La pichanga era un espectáculo Maquiavélico y Wagneriano a la vez, y no le faltaban algunos ligeros, apenas perceptibles -pero presentes- visos de El Conde de Sade. Era grandioso el observar a esta masa catervática descomunal de estudiantes desplazándose en hordas delirantes y furiosas con movimientos semi-telúricos, pero con la prestancia y la gracia de la mecánica de fluídos; en donde una masa amorfa de viriles estudiantes se estrellaba constantemente fracturándose ordenadamente en contra de otro masivo enjambre de escolares Ercillanos, en una forma perfectamente sincronizada y salvaje pero elegante y en perfecta armonía; a pesar de que para a aquel que observaba desde lejos, la pichanga parecía estar más desorganizada que velorio sin muerto, o como el alud de una manada de caballos desbocados sin jinetes. ¡Era el Arca de La Pichanga con toda clase de animales! ¡Si Noé hubiera estado vivo, habría sido el árbitro sin necesidad de tarjetas! Era sin duda, la Torre de Babel construída por mudos. (A propósito, esto habría sido la simple solución para la torrecita ésta, y probablemente la habrían terminado de construír sin discusiones. Como todos saben, errar es humano, pero para dejar una desgraciada calamidad de proporciones bíblicas; se necesita un abogado deshonesto).

De pronto, sin previo aviso y como un fugaz trueno de lo profundo, la verduga campana hecha de españoles bronces patrimoniales suena severa como el Hermano Jovino, quién en su semblante emulaba en tres dimensiones y en Technicolor la misma rigurosa inflexibilidad del Juicio Final; y ésta repiquetea inquieta seguidamente con la completa furia de Orlando, violando tímpanos y algarabía por igual. Todos se dan vuelta turulatos y miran hacia la campana con una sincronía suiza y con un dejo de desilusión y espanto en sus infantiles fisonomías. Y ahí estaba el eterno chico encargado de la campana colgado de la cuerda de ésta, mientras que la zarandeaba con un anhelo y un ensañamiento que cualquiera diría que lo haría crecer. El partido se paraliza instantáneamente y los empeños se agarrotan fríos; el ruido cesa de golpe; solo se oía el polvo cayendo de vuelta al suelo, y como lo hizo la nipona bomba de Hiroshima, el patio quedó vacío de vida y silente en un santiamén agnóstico, ordenadamente y sin reclamos. El chico de la campana nunca creció. La anónima historia cuenta que un día, un clandestino e incógnito Robin Hood se robó la campana.

Reminiscencia
En ese tiempo estaba con nosotros en el colegio el guatón Manzano. Me acuerdo del guatón Manzano porque me parecía que era tremendamente desagradable y además; feo. También me parecía que era picante. Siempre andaba molestándonos a todos con su humor negro y ácido y con sus expresiones incivilizadas de menos gusto y alcurnia que "Clery" (3) de alcantarillado. Sin duda estaba membrudamente investido con las virtudes de Pedro Navaja. Pero estas impresiones las tuve de él cuando yo era un loco chico que no sabía aún cabalmente cómo evaluar a la gente, sino nada más que con mis cándidas impresiones infantiles, pero sé que éstas no estaban erradas.

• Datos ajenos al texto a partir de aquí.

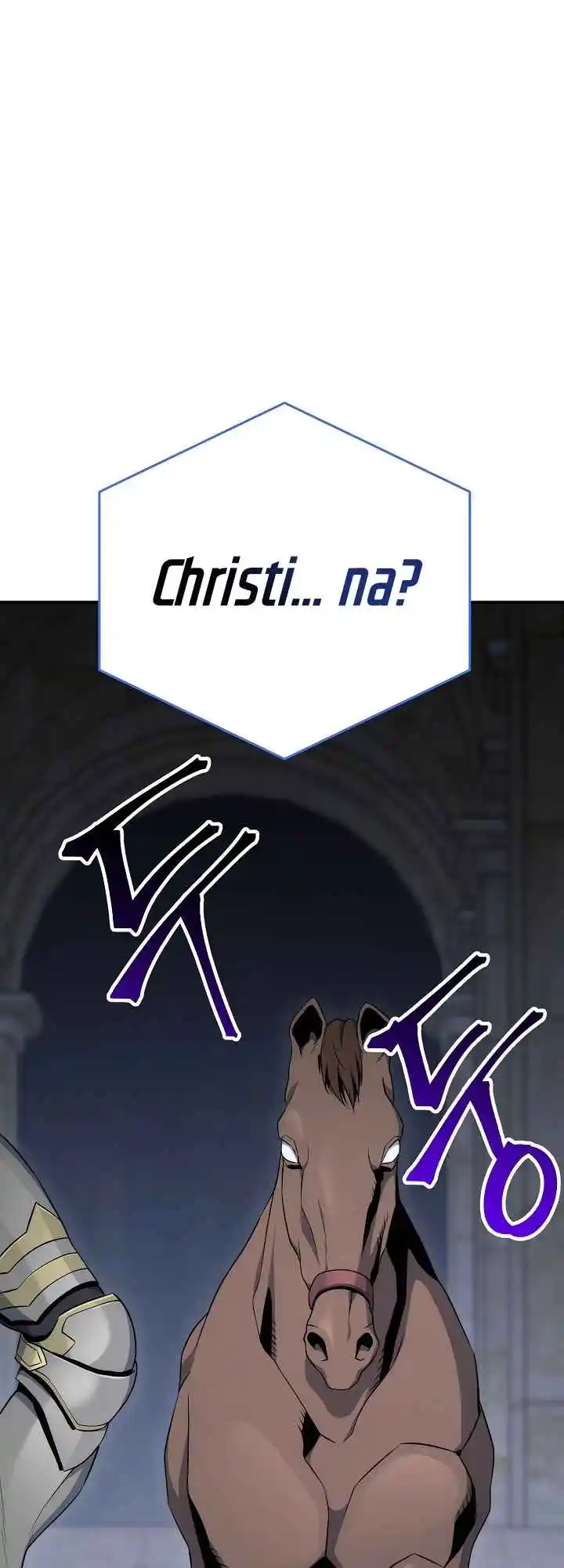 The Skeleton Soldier Failed to Defend the Dungeon 167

(3) El Clery es una bebida alcohólica chilena hecha con vino blanco y con trozos de duraznos en conserva, el que se la sirve a los invitados en los velorios. El Clery, según varios catedráticos e historiadores de los confines culinarios chilenos, sería originario de la internacional ciudad de Talca, pero sin importar de dónde sea que haya salido el Clery; siempre termina en un -normalmente- triste velatorio. Mi abuelita Teresa tenía su propia receta de Clery, y se llamaba "Clery Doña Teresa", al que lo preparaba con abundante aguardiente, una generosa porción de coñac, y algunas dulces chirimoyas molidas. Este Clery hay que tomárselo bien sentado porque después de tres vasos, a uno se le doblan las piernas y se empieza a parecer harto al muerto.

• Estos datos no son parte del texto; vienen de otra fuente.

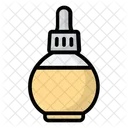 Nagelhautol Nagelpflege Elixier Nagelhaut Revival Serum Symbol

Además el guatón sinflón éste aparentemente era más flojo que la mandíbula de arriba y su libreta de notas parecía que era comunista recalcitrante, y su postura estudiantil como acertadamente lo insinuaba nuestro profesor de Historia, era la de Atila; el Rey de los Unos. Por eso es que quizá duró tan corto tiempo en el Ercilla. Por lo demás, en ese entonces yo no pensaba que él era material Marista. Todos los Maristas tenemos lealtad; él no la tenía. De todas formas, nosotros conseguíamos nuestra venganza contra el jodío guatón antisocial porque no lo dejábamos nunca jugar las gloriosas pichangas en el patio verde durante los recreos, y especialmente durante la hora de almuerzo.

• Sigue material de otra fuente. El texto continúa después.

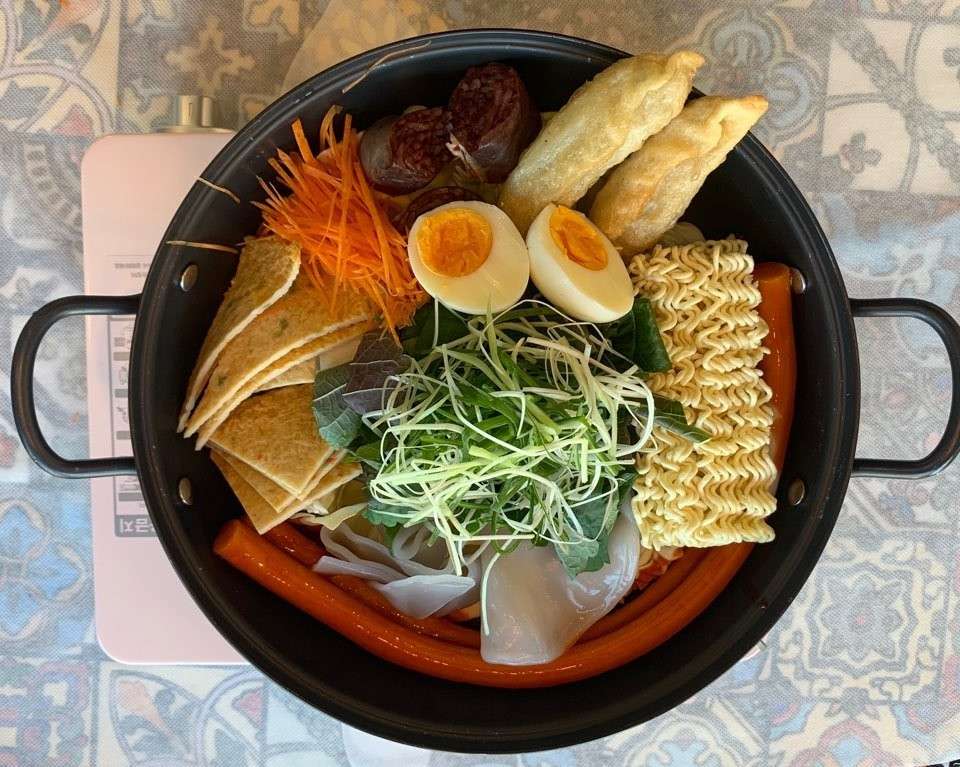 일광상회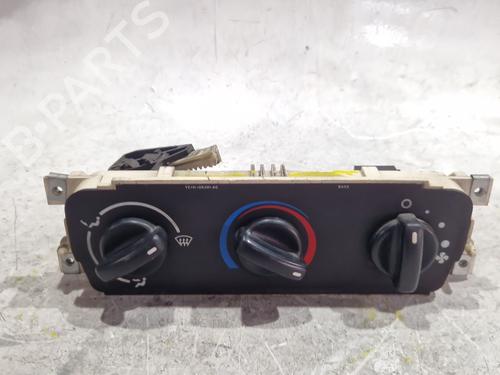 Used Climate control Climate control FORD TRANSIT Van (FA_ _) 2.4 TDE (125 hp) 33933007 33933007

En aquellos tiempos, ciertamente nunca me gustó esa albóndiga con patas. Sí, el guatón Manzano. Esta es una memoria retrospectiva, y la menciono ahora sin profundo rencor ni marcada acritud ningunas. Este es un recuerdo casi sin peso que no es más que una de las numerosas hojas del frondoso árbol de mi vida, y esta hoja que a pesar de haber sido pequeña y mustia, sigue siendo una eterna parte integrante del exuberante ramal de mi florida existencia. Nunca supe lo que fué del guatón Manzano, y aunque lo dudo, espero que le haya ido bien. Ahora que estoy viejo y se me han olvidado las animosidades, me acuerdo de él porque decente o nó en aquel entonces, el guatón Manzano fué también; efímera y hueramente, un "compañero" nuestro.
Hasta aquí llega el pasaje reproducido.